**What you will do:**
Restate word for word the material below, starting at the line that contains "BareTraps Black Shoes $30 Size 7" and stopping after the last line; skip pictures.

**Supplied data:**
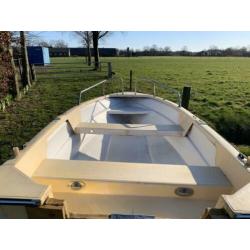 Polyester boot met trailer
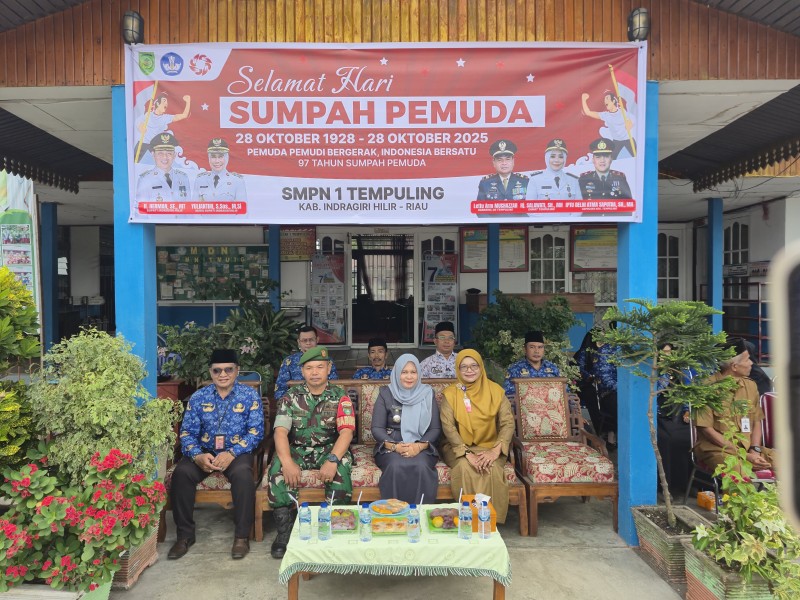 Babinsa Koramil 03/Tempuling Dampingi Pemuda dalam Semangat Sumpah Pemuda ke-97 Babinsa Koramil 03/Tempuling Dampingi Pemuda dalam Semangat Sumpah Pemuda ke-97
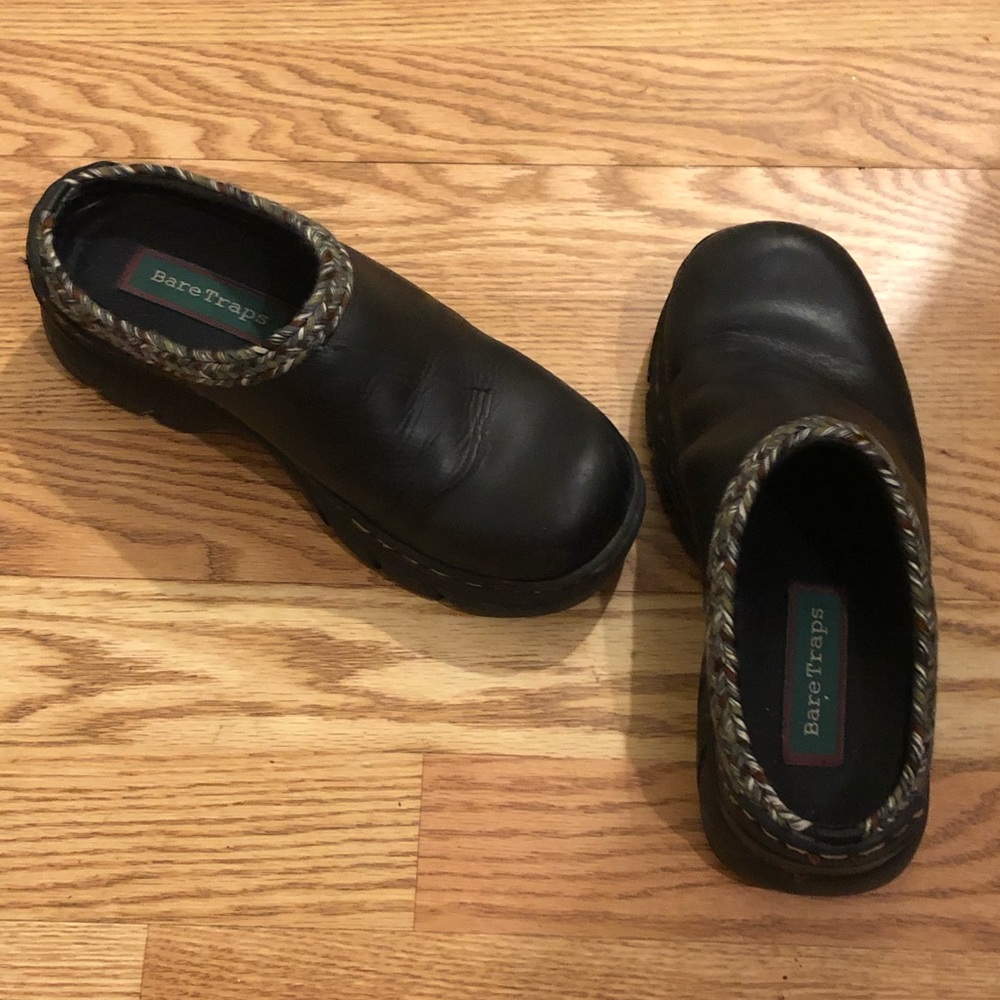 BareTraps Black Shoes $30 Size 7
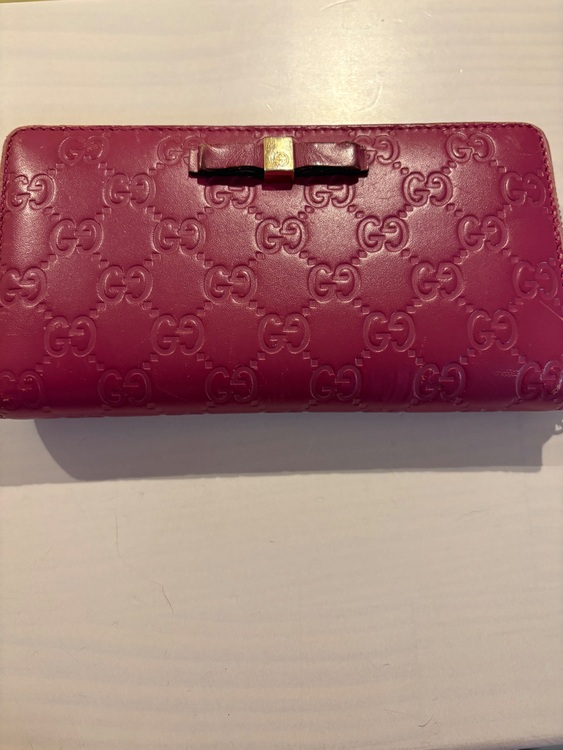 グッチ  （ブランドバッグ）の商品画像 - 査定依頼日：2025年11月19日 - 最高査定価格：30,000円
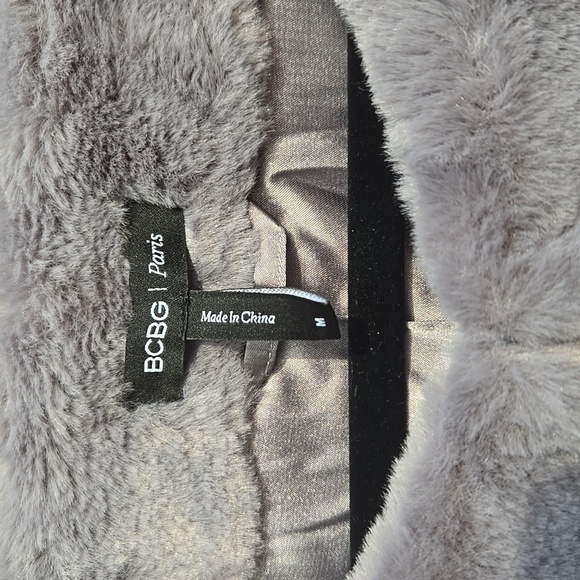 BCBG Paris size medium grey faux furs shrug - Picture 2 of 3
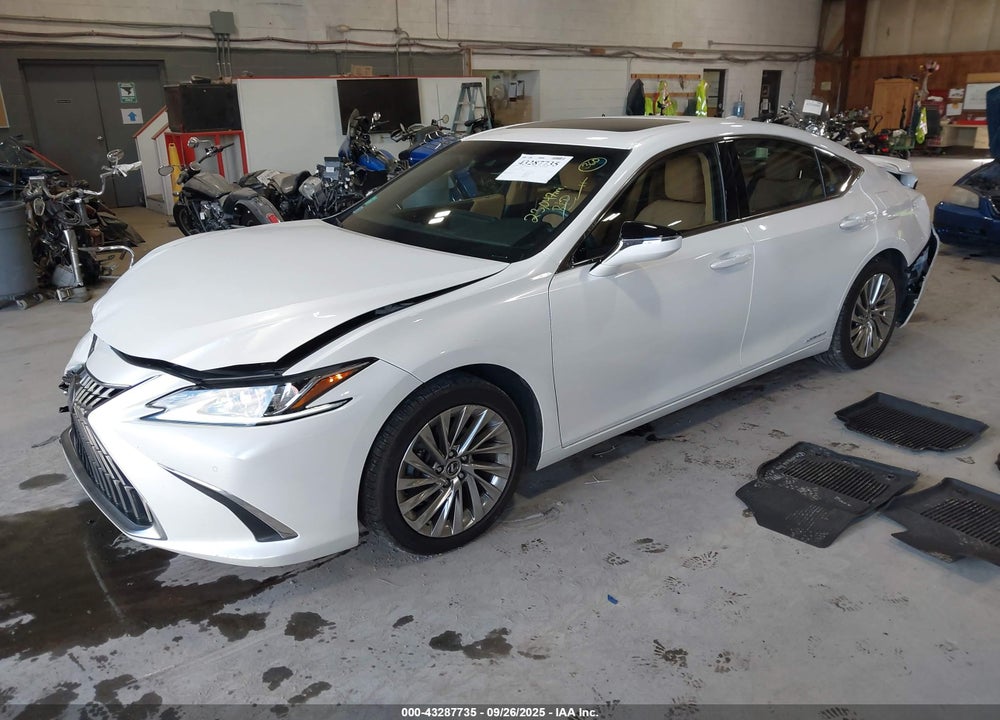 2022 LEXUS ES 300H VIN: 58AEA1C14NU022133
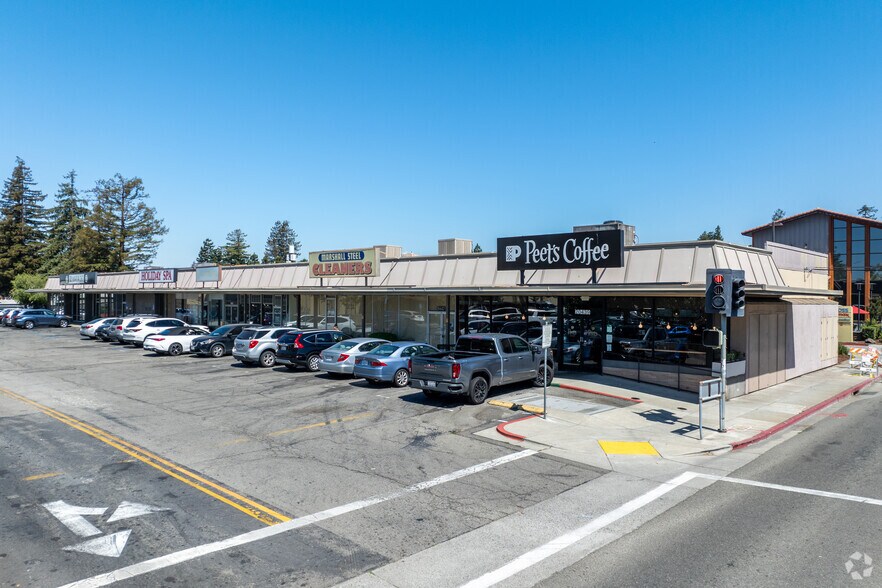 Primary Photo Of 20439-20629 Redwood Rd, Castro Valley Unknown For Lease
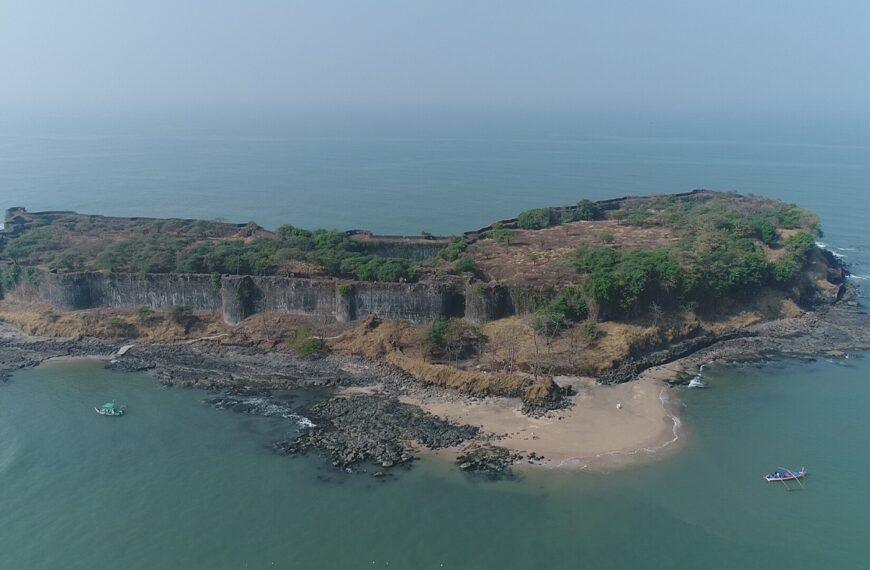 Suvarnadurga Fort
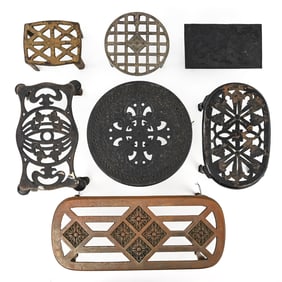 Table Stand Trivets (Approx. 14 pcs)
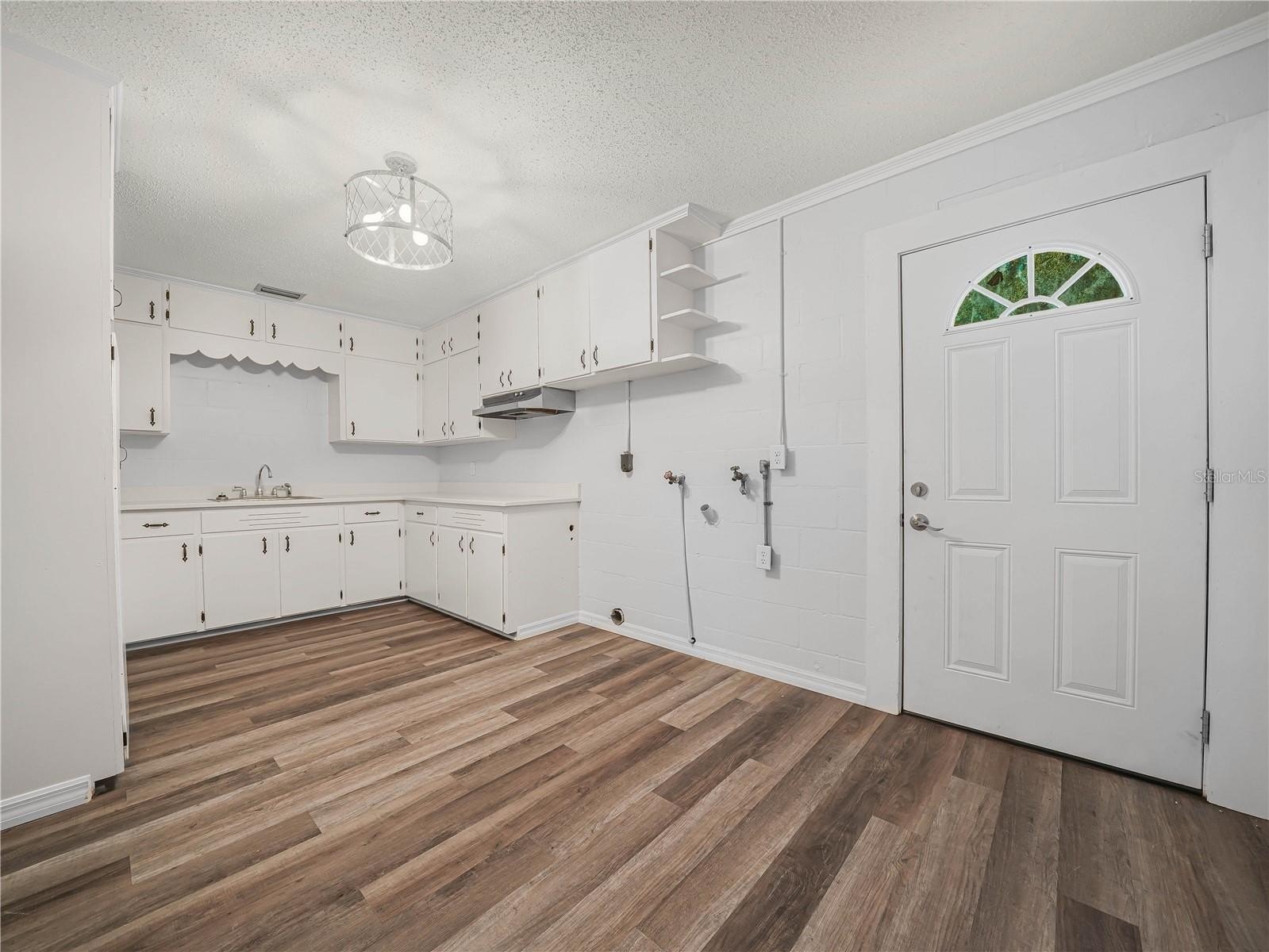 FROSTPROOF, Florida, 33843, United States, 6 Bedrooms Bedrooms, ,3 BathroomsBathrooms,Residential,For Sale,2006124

**Expected answer:**
 BareTraps Black Shoes $30 Size 7
 グッチ  （ブランドバッグ）の商品画像 - 査定依頼日：2025年11月19日 - 最高査定価格：30,000円
 BCBG Paris size medium grey faux furs shrug - Picture 2 of 3
 2022 LEXUS ES 300H VIN: 58AEA1C14NU022133
 Primary Photo Of 20439-20629 Redwood Rd, Castro Valley Unknown For Lease
 Suvarnadurga Fort
 Table Stand Trivets (Approx. 14 pcs)
 FROSTPROOF, Florida, 33843, United States, 6 Bedrooms Bedrooms, ,3 BathroomsBathrooms,Residential,For Sale,2006124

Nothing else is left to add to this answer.